En el Madrid de entonces era muy típico ver enfrentamientos territoriales entre rockers y mods. Uno de aquellos enfrentamientos acabó con el asesinato del rocker Demetrio Lefter, un joven que acabó apuñalado en las puertas del Rock-Ola, templo de la Movida Madrileña que, tras el suceso, cerraría sus puertas para siempre.
Ocurrió en marzo de 1985, y con el asesinato de Demetrio se cumplía lo que el historiador francés René Girard denominó víctima sacrificial; la víctima que sirve de chivo expiatorio para que se cierre un ciclo histórico. El suceso marcaría el final de la Movida Madrileña y el final de las tribus urbanas tal y como se conocían hasta entonces. Porque luego llegaron otras como fueron los bakalas, los skinheads y los raperos; tribus con atributos estéticos que vienen a ser mensajes políticos subliminales. De la misma manera que rockers y mods llevaron a la práctica la lucha de clases en las calles de entonces, las nuevas tribus registrarán nuevos órdenes políticos para dar continuidad a la citada lucha.
El ensayo de Iñaki Domínguez tiene múltiples lecturas. Una de ellas ejemplifica cómo la ficción nutre la realidad. Películas como West Side Story o Perros Callejeros condicionaron en su día a los jóvenes pandilleros, de la misma manera que Quadrophenia condicionará a las tribus urbanas de los ochenta, siendo rockers y mods tribus enfrentadas; currelas y pijos, ricos y pobres que quedaban para pegarse en la ciudad costera de Brighton.

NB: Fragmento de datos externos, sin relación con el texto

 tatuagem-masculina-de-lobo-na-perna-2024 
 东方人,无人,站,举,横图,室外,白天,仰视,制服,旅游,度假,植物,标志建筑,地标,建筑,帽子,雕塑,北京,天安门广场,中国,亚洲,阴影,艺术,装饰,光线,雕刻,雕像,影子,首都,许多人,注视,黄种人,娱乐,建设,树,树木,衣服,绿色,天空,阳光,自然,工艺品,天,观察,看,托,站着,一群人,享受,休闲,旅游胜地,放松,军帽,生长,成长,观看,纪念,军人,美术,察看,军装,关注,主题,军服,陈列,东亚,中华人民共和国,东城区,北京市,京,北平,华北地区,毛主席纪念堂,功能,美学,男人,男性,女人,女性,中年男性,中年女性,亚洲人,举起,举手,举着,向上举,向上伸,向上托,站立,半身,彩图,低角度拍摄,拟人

Por un lado los mods, es decir, los pijos, con sus scooters de fabricación italiana, sus parkas y sus zapatos lustrados con el betún de los privilegios. Por otro lado estaban los rockers con sus grandes motos y sus tupés grasientos, enfundados en cuero proletario.
Las drogas tampoco pueden faltar en uno y otro bando. Mientras que las cervezas y la priva son moneda de cambio en los círculos rockers, las pirulas lo son en las filas mods. La música se convierte en otro atributo diferenciador, pues el rock´n roll de un lado poco o nada tiene que ver con la música soul del otro.
Con estas cosas, cuando nuestro país abraza la mal llamada democracia, las pandillas se convierten en tribus y la lucha de clases se pone en marcha hasta que ocurre lo que estaba previsto: que un cadáver dé por finalizado el ciclo histórico. Es entonces cuando la lucha de clases toma otro aspecto estético, otro orden político vivido en el cuerpo, por decirlo a la manera de Terry Eagleton en su ensayo “La estética como ideología”, uno de los libros que han servido a Iñaki Domínguez para montar este “Macarrismo”.
El ensayo termina con una reflexión muy acertada acerca de los códigos estéticos actuales. Los pantalones rotos y el aspecto desaliñado en la moda actual obedece a un orden económico marcado por las élites que viene a transmitirnos la consigna: “Ser pobre mola”. Con esto, la precariedad adquiere un valor comercial, es decir, que si eres pobre no has de preocuparte, haces bien, estás a la moda. No te quejes.